Gerbermeister Oettrich wagt sich in die Selbstständigkeit
Ich gerbe den Leuten wieder das Fell
Manfred Oettrich eröffnet heute seine Gerberei in Doberlug-Kirchhain. Mit all seinem Mut wagt er den Schritt in die Selbstständigkeit. Er sieht aber auch die fast 400-jährige Gerbertradition in der Stadt, die nicht sterben darf, wie er meint.
Das Gerberhandwerk in Doberlug-Kirchhain ist nach der Wende fast ausgestorben. Was bis dahin Generationen ernähren konnte, langte plötzlich nicht mehr als Auskommen. Auch die Gerberei Oettrich, direkt an der Kleinen Elster in der Hennersdorfer Straße, sollte es nur noch bis 1994 geben. Dann machte Vater Richard zu. Zwölf Jahre dümpelten Werkstatt, Maschinen und Werkzeuge vor sich hin. Jetzt wird alles wieder aktiviert. Der Sohn Manfred, selbst seit fast 20 Jahren Gerbermeister, knüpft da an, wo der Vater aufgehört hat.
Von der Pike auf gelernt
Der 41-Jährige hat sich diesen Schritt gut überlegt. «Gerbermeister Dieter Glauche, der unseren Berufsstand noch hochgehalten hat, ist in diesem Jahr in den wohl verdienten Ruhestand gegangen und hat mir bei der Einrichtung der Werkstatt geholfen und einige gute Tipps gegeben. Auch einen Teil seines Kundenstammes kann ich übernehmen.» Was das handwerkliche Rüstzeug angeht, hat Manfred Oettrich im väterlichen Betrieb alles von der Pike auf gelernt. Er ist Gerber in der fünften Generation in seiner Familie. Die Oettrichs haben also rund 200 Jahre das Gerberhandwerk in Kirchhain mit geprägt, gut die Hälfte der 400-jährigen Gerbergeschichte der Stadt.

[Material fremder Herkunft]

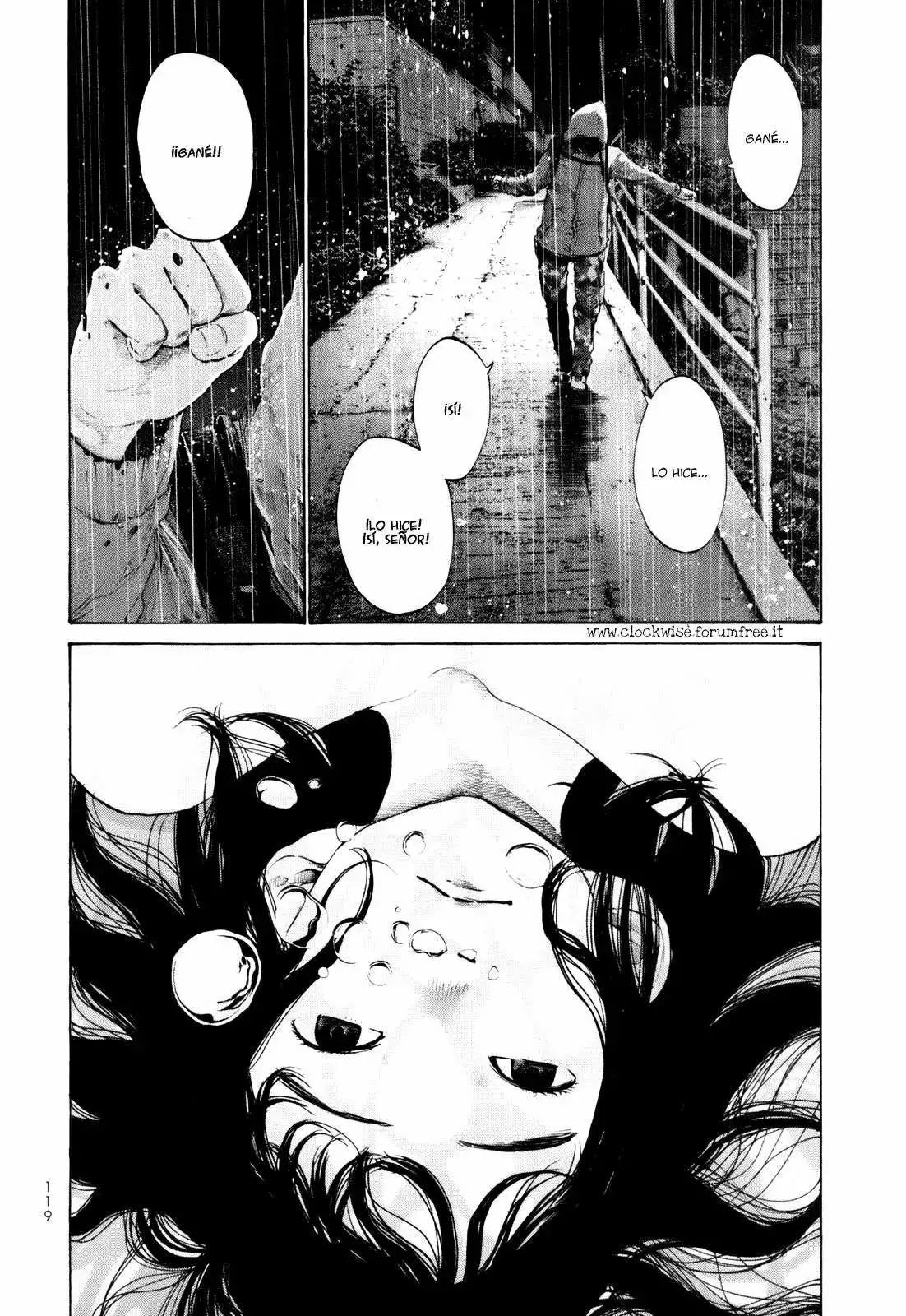 Umibe No Onnanoko capítulo 16 página 15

1987 legte Manfred Oettrich als 22-Jähriger seine Meisterprüfung ab. «Am Tag der deutschen Wiedervereinigung war ich der jüngste Gerbermeister der DDR» , erzählt er. Und doch packte er 1990 erst einmal die Sachen und arbeitete mit seinem Bruder bis 1993 in einer Gerberei bei Wiesbaden. «Ich war Abteilungsleiter in der Wasserwerkstatt, dann setzte auch dort das Gerberei-Sterben ein» , erinnert er sich.
Manfred Oettrich suchte beruflich nach einer neuen Orientierung und setzte sich dazu noch einmal auf die Schulbank. Von 1993 bis 1995 vertiefte er sich ins Kaufmännische und machte einen zweiten Berufsabschluss als Industriekaufmann. Er arbeitete u. a. im Glaswerk Schönborn. Die letzten sechs Jahre pendelte er zwischen Doberlug-Kirchhain und Großenhain, wo er das Marketing für eine Firma, die Pkw-Anhänger baut, übernahm. Seit April ist er aber wieder arbeitslos. Bewerbungen im kaufmännischen Bereich blieben erfolglos.
«Schon 1999 trug ich mich mit dem Gedanken, mich selbstständig zu machen» , räumt er ein. Jetzt ist es so weit: Manfred Oettrich bietet ab heute das Gerben und Zurichten von Fellen und Häuten an. «Ich orientiere mich auf die Pelzgerberei und habe mir dafür extra noch ein paar Maschinen aus dem Vogtland geholt.» Brandenburg habe viele Wälder, in denen viele Tiere leben, argumentiert er. Jäger, Schäfer, Kaninchenzüchter – Oettrich ist nicht bange, denn erste Anfragen sind bereits bei ihm eingegangen. Den nächsten Gerbermeister gibt es erst in Leipzig. Nach Norden hin fände sich der nächste gar erst in Rostock.
Auf dem Grundstück an der Kleinen Elster befindet sich seit 1850 eine Gerberei. «1922 hat sich hier mein Großvater selbstständig gemacht» , erzählt der 41-Jährige. Von 1951 bis 1961 war er Obermeister der Gerber in Brandenburg.
Zusammenarbeit mit Museum
Oettrich sucht auch die Öffentlichkeit und kann sich eine Zusammenarbeit mit dem Weißgerbermuseum gut vorstellen. «Dort wird die geschichtliche Seite erklärt, bei mir könnte man die Produktion live sehen» , überlegt er. Dabei ist ihm wichtig, das Handwerk, «was ja nicht fein ist – es stinkt und ist schwere Arbeit» , ins richtige Licht zu rücken. «Ich will den Leuten klar machen, dass es für 30 Euro keine Schuhe geben kann» , umschreibt er.